§ Data supplied:
============================================================

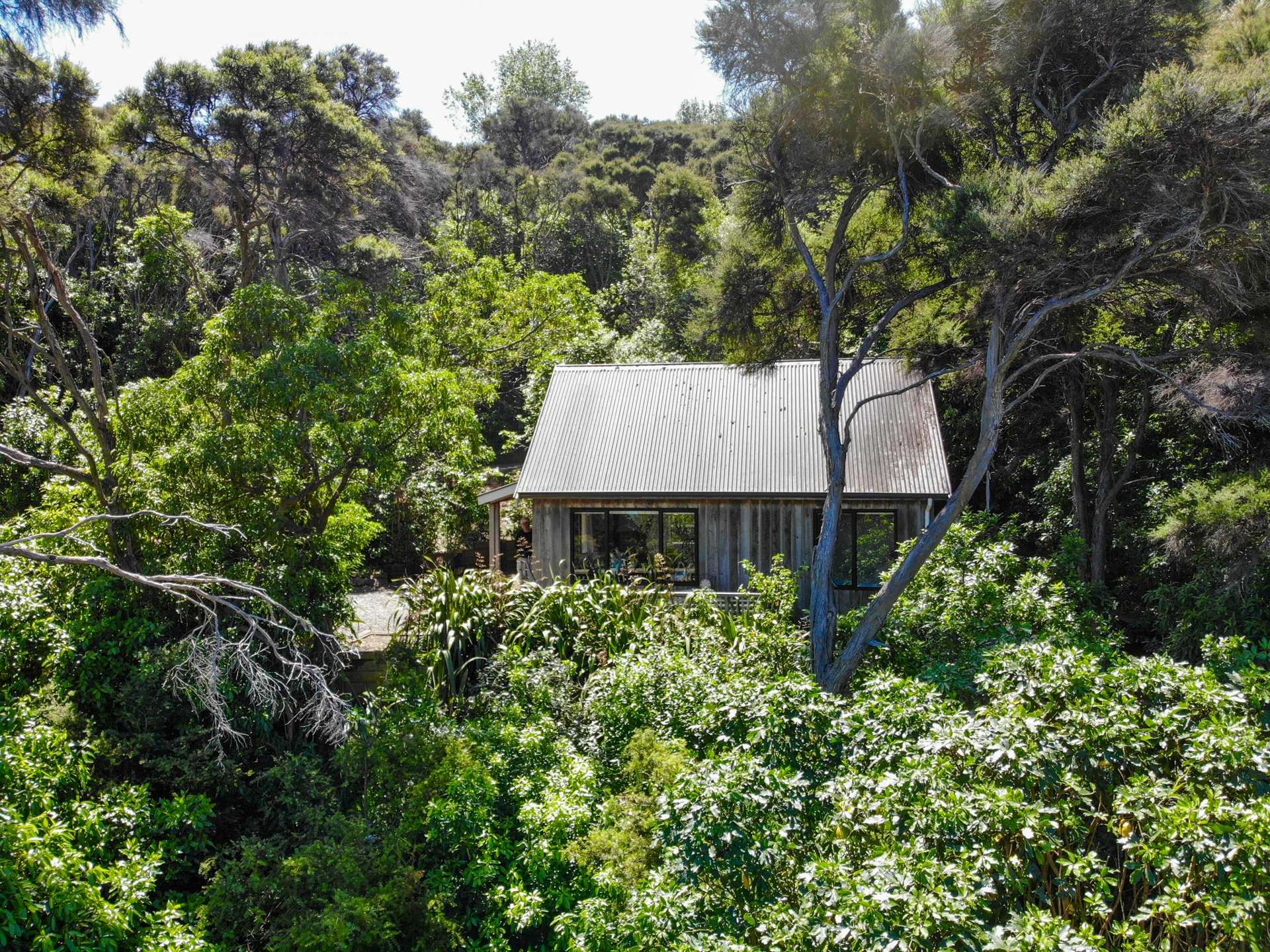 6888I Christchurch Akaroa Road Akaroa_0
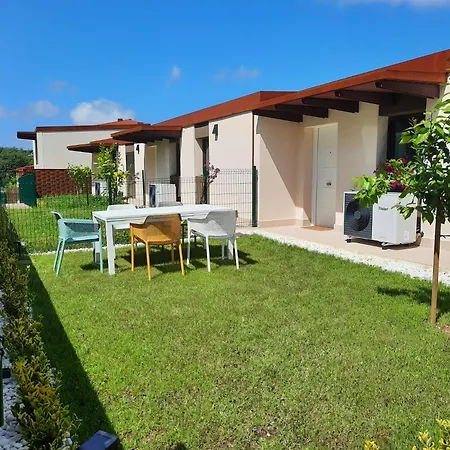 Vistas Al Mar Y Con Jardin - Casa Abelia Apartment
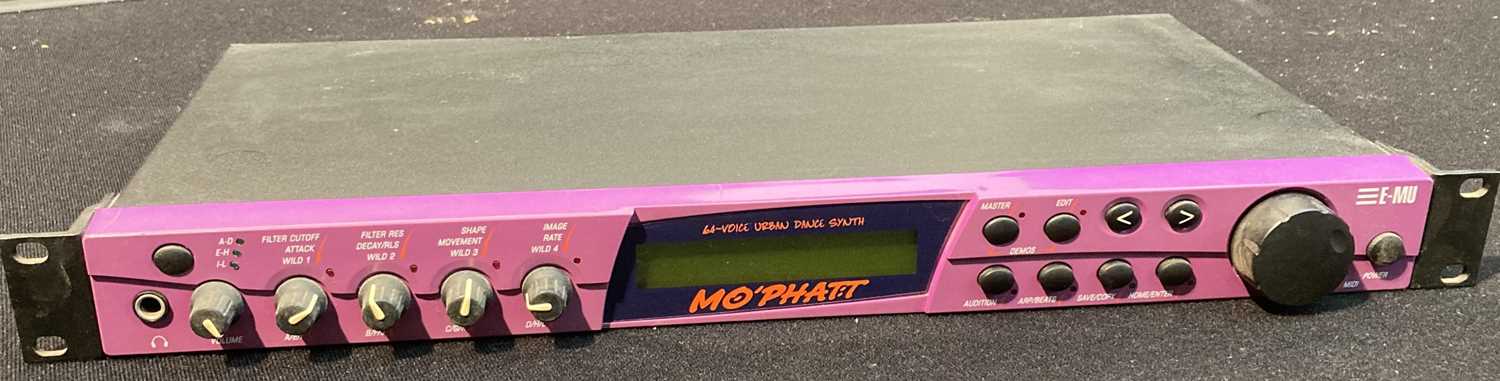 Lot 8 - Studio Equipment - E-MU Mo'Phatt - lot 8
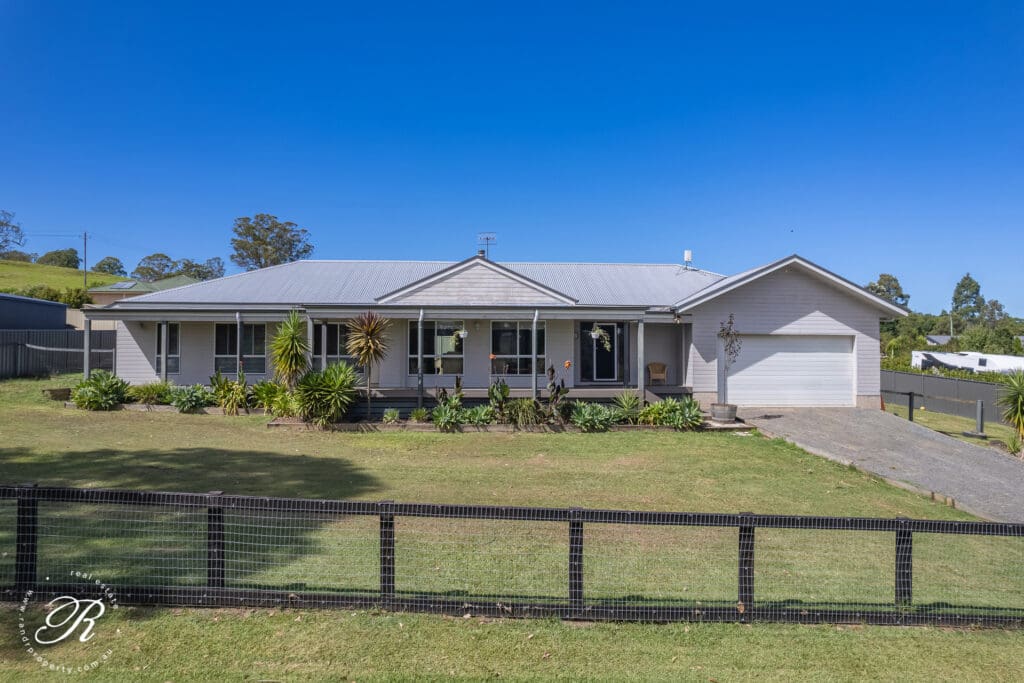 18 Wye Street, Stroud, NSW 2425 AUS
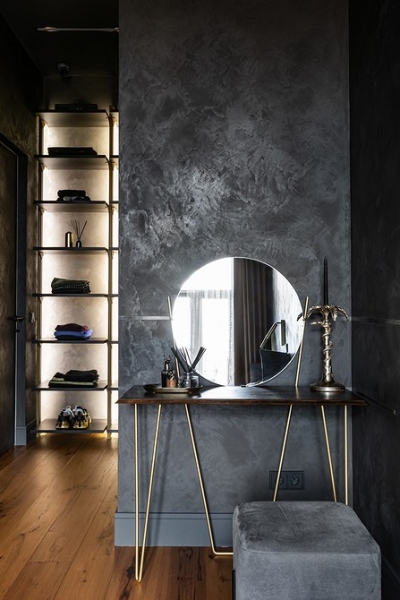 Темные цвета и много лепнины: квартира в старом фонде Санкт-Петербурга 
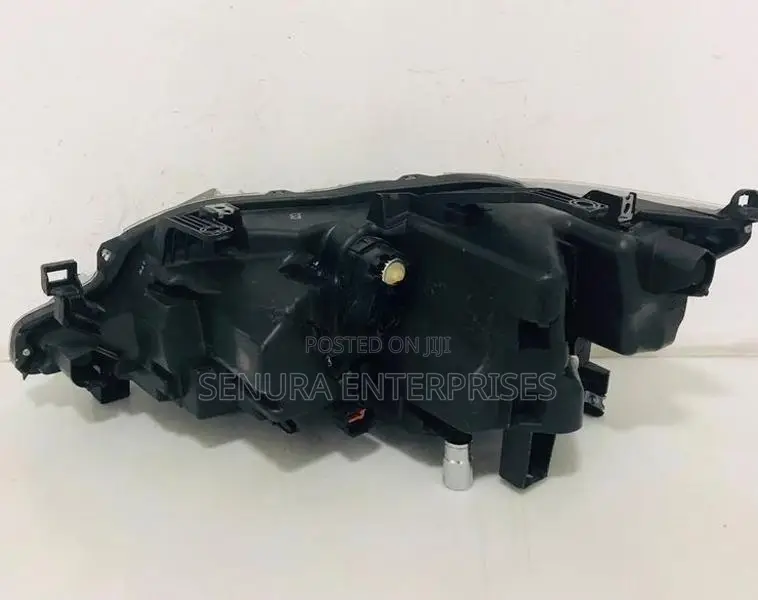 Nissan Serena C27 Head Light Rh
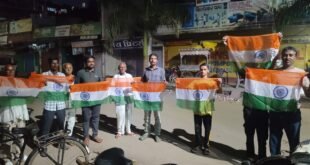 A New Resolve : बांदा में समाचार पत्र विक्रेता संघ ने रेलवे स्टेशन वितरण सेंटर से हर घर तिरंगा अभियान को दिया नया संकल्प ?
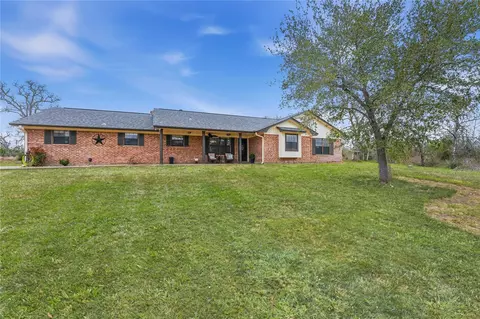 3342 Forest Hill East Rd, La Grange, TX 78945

============================================================

§ What the exercise asks: Your output should be the lines from the one with "A New Resolve" through the end of the listing, copied exactly and with the pictures left out.

§ Solution to the exercise:
 A New Resolve : बांदा में समाचार पत्र विक्रेता संघ ने रेलवे स्टेशन वितरण सेंटर से हर घर तिरंगा अभियान को दिया नया संकल्प ?
 3342 Forest Hill East Rd, La Grange, TX 78945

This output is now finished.